Des exemples qui prouvent « que le handicap est un sujet ‘bankable’ qui rapporte beaucoup lorsque ce sont des personnes valides qui s’en saisissent », remarque auprès de franceinfo Elisa Rojas. Elle n’est donc pas surprise du succès du film d’Artus : « On sait depuis longtemps que traiter du handicap est un sujet facile et sans risque, contrairement à ce que les personnes valides prétendent. »
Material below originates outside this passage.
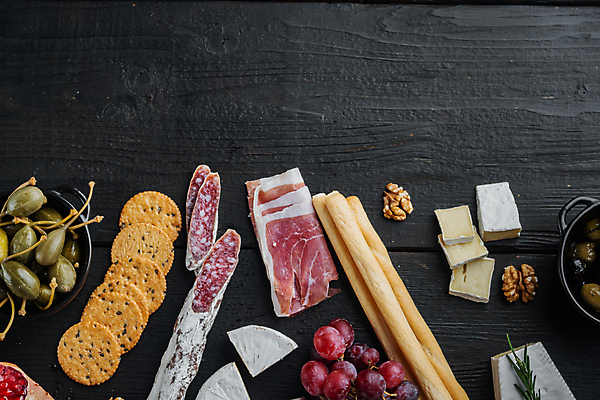 포토 JPG 해외이미지 음식 빵 재료 치즈 육류 사람없음 애피타이저 기름 올리브 햄 그리시니 브루스케타 타파스 카피스페이스 프로슈토 나무배경 해외202105 해외포토 열매 백그라운드 식재료 유제품 공백 파일형식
« Diminuer le sentiment d’étrangeté »
Artus, lui aussi, a réussi son coup. L’humoriste espère battre le record d’entrées pour un premier film, détenu jusqu’ici par L’Arnacœur de Pascal Chaumeil, qui avait rassemblé 3,7 millions de spectateurs. Jaco Van Dormael tempère toutefois l’idée que le succès accompagne forcément le thème du handicap. « Le succès est toujours un miracle, estime-t-il. On lance une bouteille à la mer et on ne sait pas si quelqu’un va la ramasser. » Artus, lui, avance sur France Inter que son film tombe à pic, « dans cette époque un peu anxiogène, c’est une bulle d’oxygène qui fait du bien ». Certaines associations saluent, elles, l’effet bénéfique de ces longs-métrages qui « aident à diminuer le sentiment d’étrangeté de l’autre [et] jouent un rôle positif », selon Catherine Morhange dans Le Parisien.
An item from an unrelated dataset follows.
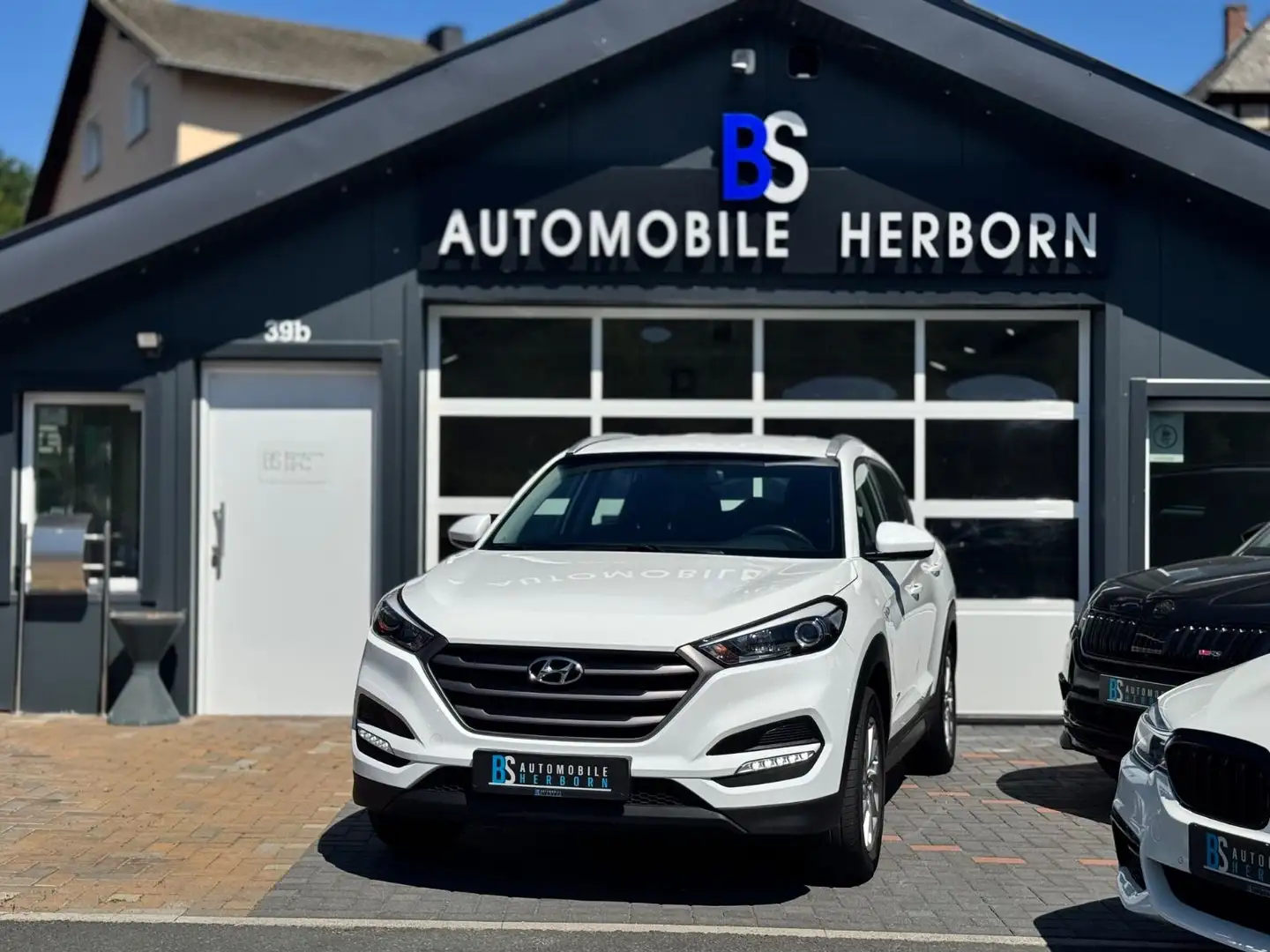 Hyundai TUCSON Trend 2WD/1.Hand/AHK/Navi/Kamera Blanco - 1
Elles se félicitent aussi de « toutes les pierres » apportées « pour sensibiliser et améliorer la situation » des personnes en situation de handicap, affirme à l’AFP Arnaud de Broca, président de Collectif handicaps. La télévision a elle aussi contribué à changer les regards à travers l’émission « Les Rencontres du Papotin », dans laquelle des personnalités sont interrogées par des personnes autistes. Proposée par Eric Toledano et Olivier Nakache, réalisateurs de Hors normes, l’émission est diffusée sur France 2 à une heure de grande écoute, un « progrès exceptionnel », assure Clément Chovin, l’un des producteurs. « On ne parle pas d’inclusion, on la pratique », ajoute-t-il.
« Mon agent galère pour trouver des castings »
Les principaux intéressés, les interprètes en situation de handicap, eux, se réjouissent de cette exposition et de ses bienfaits. « Je fais du théâtre, je fais de l’improvisation et ça m’aide aussi à vaincre la timidité », confie à franceinfo l’actrice d’Un p’tit truc en plus Mayane-Sarah El Baze, porteuse de trisomie. « Il y a trois ans, elle ne parlait à personne. Elle change, le cinéma l’a fait changer, ce film l’a fait changer, je suis fière d’elle », confirme sa mère. Mais pas question de crier victoire trop vite. Car les rôles pour les acteurs porteurs de handicap sont rares, confirme Stanislas Carmont, une des révélations d’Un p’tit truc en plus, également journaliste aux « Rencontres du Papotin », à La Tribune dimanche : « J’ai un agent, mais je ne vous cache pas qu’elle galère pas mal pour trouver des castings.«
Si Catherine Morhange veut croire que le septième art peut contribuer à modifier l’image du handicap, Elisa Rojas est beaucoup plus pessimiste, « a fortiori dans un contexte politique dans lequel les droits des personnes handicapées régressent de jour en jour ». Selon l’avocate, « il faut donner aux personnes handicapées les moyens de reprendre en main leur narration afin qu’elles puissent mener à bien leurs propres productions, plus ancrées dans la réalité et dans lesquelles les personnes concernées pourront aussi se retrouver ».